しかし、実際にはそのような動きは全くなさそうだ。
それはなぜだろうか?
自分が考える理由としては

①学会は外に向けての活動に慣れていない
②一専門家の意見はエビデンスレベルが最低で、相手にする理由がない
③各種がんの治療ガイドラインが出そろってきている
④話題性はあっても、実際に治療を受けている患者さんへの影響は軽微
⑤実際に氏の本を持って、担当医に挑む患者さんは少ない
⑥多臓器に渡るがん種の議論には反論しにくい

と言った理由が考えられる。

①学会は外に向けての活動に慣れていない

まず学会というのは、その領域の研究を進歩させ、医療環境を整備することを主目標としているし、専門医の養成などたくさんのテーマを持っている。
そのなかで対外的にアピールするというの割と苦手で、その手段も自前では持っていない。
マスメディアに対する公式発表ぐらいしかしていないだろう。
学会自体が大学教授や研究者の集まりで、製薬企業のような営利団体では無いため、医学界以外にもとことん影響力を発揮しようという貪欲さに欠けるところも一つの要因では無いだろうか。

②一専門家の意見はエビデンスレベルが最低で、相手にする理由がない

学会というのは内部でたくさんの論争があるが、最近ではその根拠となるエビデンスの優劣の序列がはっきり認識されてきた。
すなわち内容にかかわらず、論争の入り口の段階で議論が成り立つかどうかはエビデンスの質の差ではっきりさせることか可能となった。

参考:エビデンスとは(再挑戦)⑦まとめ1
http://ameblo.jp/miyazakigkkb/entry-11050961397.html

どんなにもっともな理論を主張しても、上記エビデンスの信頼度に関しては崩しようが無い。
これを使って、医師だけでは無く、治療に関わる医療関係者あるいは患者さん自身が参考にすべき指針として作り上げられたのが各種がんの治療ガイドラインだ。

近藤誠氏はエビデンスレベルの高い引用文献を提示して、自説を補強しているではないかと言う向きもあるだろう。
しかしその研究背景が、日本の医療の実情にあっていないことも無視して持ってきている事も多いし、都合の良い研究だけ引用する手法だ。

③各種がんの治療ガイドラインが出そろってきている

エビデンスレベルの高い大規模臨床試験やメタアナリシス(複数のランダム化比較試験の結果を統合し、より高い見地から分析すること、またはそのための手法や統計解析のこと)などをもとに各学会が相当な労力と時間をかけて治療ガイドラインを作り上げている。

医療側としての公式な解答はこのガイドラインが全てと言ってもいいため、学会内で発言しない一研究者の議論にはわざわざ反論するほどでも無いと考えているのだろう。

ただし念のため書いておくが、がん治療で重要なのは近藤誠氏のレッテルを貼るような極論やガイドラインに忠実に従うことでも無い。

例えば...
食道癌診断・治療ガイドライン2012年版の序から抜粋

------多数を対象とするRCT(ランダム化コントロール試験)が最もエビデンスレベルが高いわけですが、同様のRCTでも結果が異なることがあるのは御存知のとおりです。
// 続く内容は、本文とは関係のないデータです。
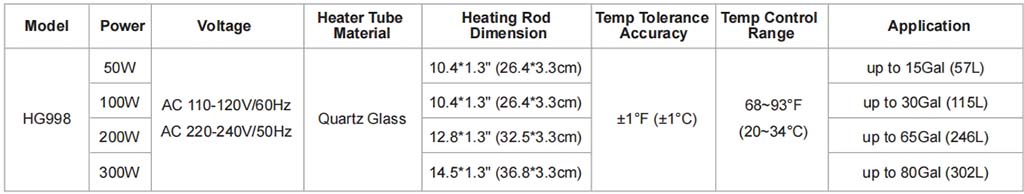 aquarium heater ETL certification parameter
臨床の場では、全く同じ病状であるものは1例としてなく、1例1例異なるものです。食道癌の進行度、悪性度、病巣の占居部位、浸潤性発育か膨張性か、などと共に、担癌患者の全身状態に加えて年齢や生きようとする意欲なども考え合わさなければなりません。このように患者の治療方針を決定するには医療チームでの詳細な検討に加え、患者やご家族の意志を尊重する必要もあります。その治療方針決定のために本ガイドラインがお役に立てれば幸いと思います。しかし、ガイドラインが個々の患者の治療方針を縛るものではありません。もちろん医療訴訟の根拠となるものでもありません。あくまでもガイドラインはガイドラインであり、本ガイドラインを踏まえて複雑な患者個々の条件、状態を吟味し、最終的には主治医が判断するものであります。ガイドラインから少しはずれた治療を行うことがその患者のより良い時間を長くする場合もあるでしょう。通リー遍にガイドラインに従っていれば 良いというものではないと思います。重ねて申し上げますが、医療は複雑であり危険を伴うものです。---------

という主張からわかるように、がん治療においては一刀両断的な判断は避けるべきで、個々の患者さんは主治医と綿密な協力して初めて最適解が得られるものだ。